Photo by Priscilla Gyamfi on Unsplash

Fight for the Future

Fight for the Future is an advocacy organisation who want to see the internet as an environment for progressive change. They have held many campaigns to defend people’s rights and privacy online, from SpeakOut.tech on whistleblowing about unethical tech companies, to banning facial recognition software.

New_ Public

New_Public explores what the internet would be like with digital public spaces, similar to the concepts of parks and libraries offline. They want to understand what makes a digital space healthy, and identified a variety of “civic signals” in their research, like Connect (the ability of people to connect with each other online and create power) and Act (using that power to effect change, online and off).
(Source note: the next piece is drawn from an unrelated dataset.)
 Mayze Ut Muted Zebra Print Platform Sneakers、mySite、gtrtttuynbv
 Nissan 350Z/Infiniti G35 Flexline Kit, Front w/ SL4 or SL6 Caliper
Center for Humane Technology

This organisation wants technology to be more humane, and originated the Time Well Spent campaign, a call to tech companies to consider how their technology could make users’ time online healthier and more positive. The Center for Humane Technology has also called for greater tech regulation, realising that some of the large tech companies are incapable of making change themselves. Finally, they recently released The Social Dilemma, a film exploring troubling aspects of legacy social media companies and how they manipulate our attention.


While the internet has been a lifeline to the LGBTQ+ community, allowing them a way of connecting with each other no matter their location, tech companies have also not addressed the specific issues this group face online, such as privacy violations. LGBT Tech campaigns on privacy, conducts research on LGBTQ+ people in tech, and their use of tech, and also runs PowerOn, ensuring that disadvantaged LGBTQ+ people can access tech.

Feminist Internet

Feminist Internet combines tech and art to promote equality and an ethical vision of the internet. They’ve designed and created several chatbots, including Maru, who gives advice and resources to tackle online harassment, and F’xa, who provides information on bias in AI. They have also created films and contributed to talks on antisemitism in memes and queering voices in AI.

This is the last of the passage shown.